New representation and Black Girl Magic came to a Texas county this week when 17 black women were sworn in as new judges.  

The newly-elected officials made headlines in November when they won their races for various courts in Harris County, which includes Houston and surrounding areas. They were sworn in on Tuesday.

“January 1, 2019 at noon will be an extraordinary moment in history for all of us in Harris County, Houston, Texas,” Judge LaShawn Williams wrote on Facebook last month ahead of the swearing-in ceremony.  

19 African-American women who are now all serving as judges in Harris County, Texas.
19 African-American women who are now all serving as judges in Harris County, Texas.

She was one of the candidates highlighted in the Harris County Democratic Party’s “Black Girl Magic Texas” photo and campaign ahead of the November elections, which featured the largest number of black women in history on a Harris County ballot, according to the Associated Press

The photo features the 17 now-elected officials in a courtroom along with two sitting Harris County judges who were seeking seats on the Texas Court of Criminal Appeals. Those two judges lost their bids for statewide office but retained their local judgeships, The New York Times reported. 
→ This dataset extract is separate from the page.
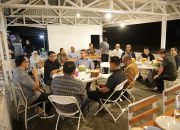 PJ Wali Kota Abdullah Mokoginta Ikuti Rapat Koordinasi Forkopimda Tahun 2024.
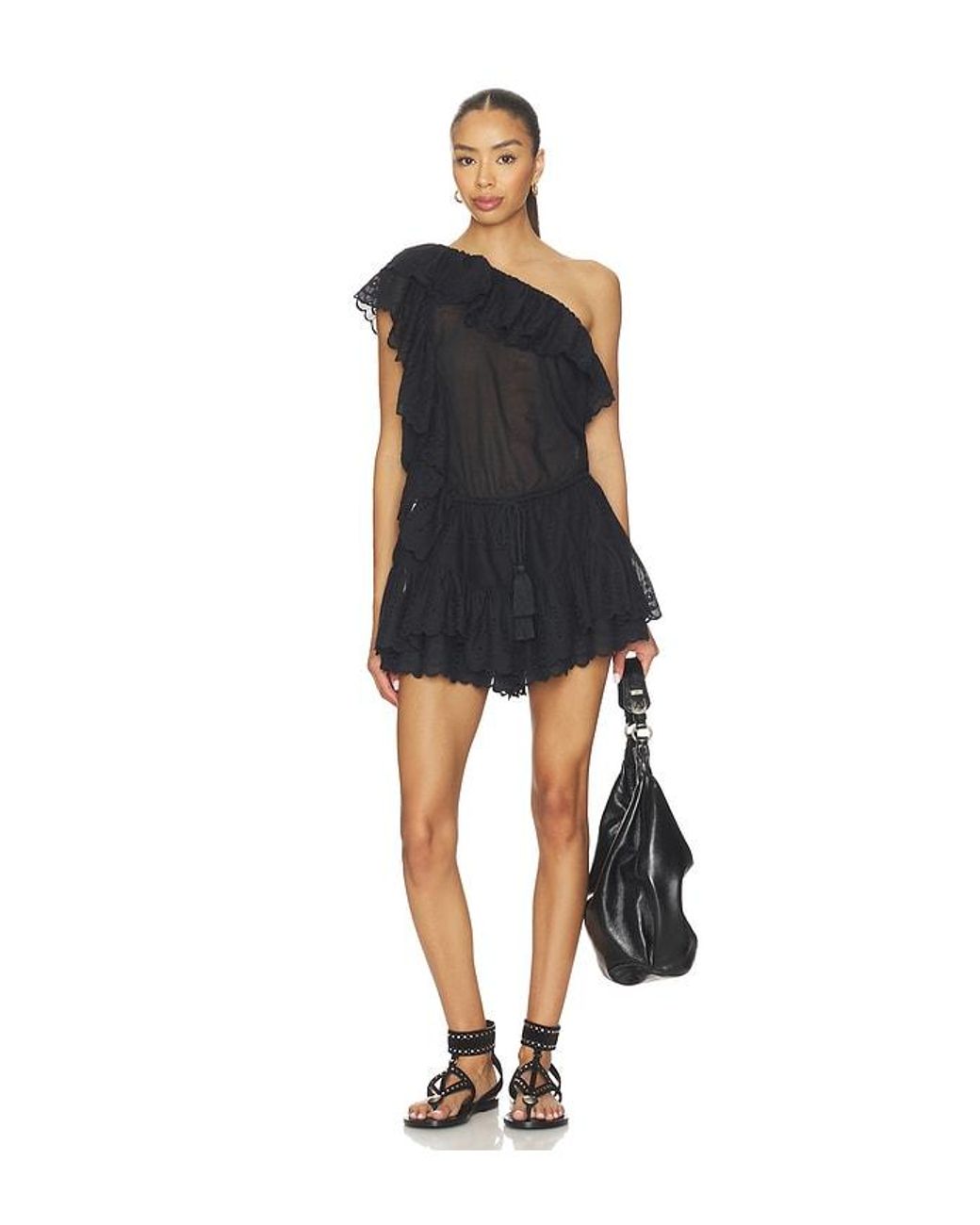 Isabel Marant Black Lalia Romper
Nearly 20 percent of the county’s population is black, according to the most recent U.S. Census Bureau statistics. 

“Today we usher in a new era of representative government and progressive leadership in Harris County,” the Harris County Democratic Party posted on Facebook on Tuesday. 

Judge Angela Graves-Harrington, one of the women elected in November, told the Associated Press at the time that she had hoped the images of black women on the bench would make Harris County proud.

“We felt showcasing the number of African-American women on the bench would galvanize our base and also galvanize those who don’t typically vote in the midterm elections and get them excited about coming out,” Graves-Harrington said. “We also wanted to have something out there that we could be proud of, that our community could be proud of and that Harris County could be proud of.”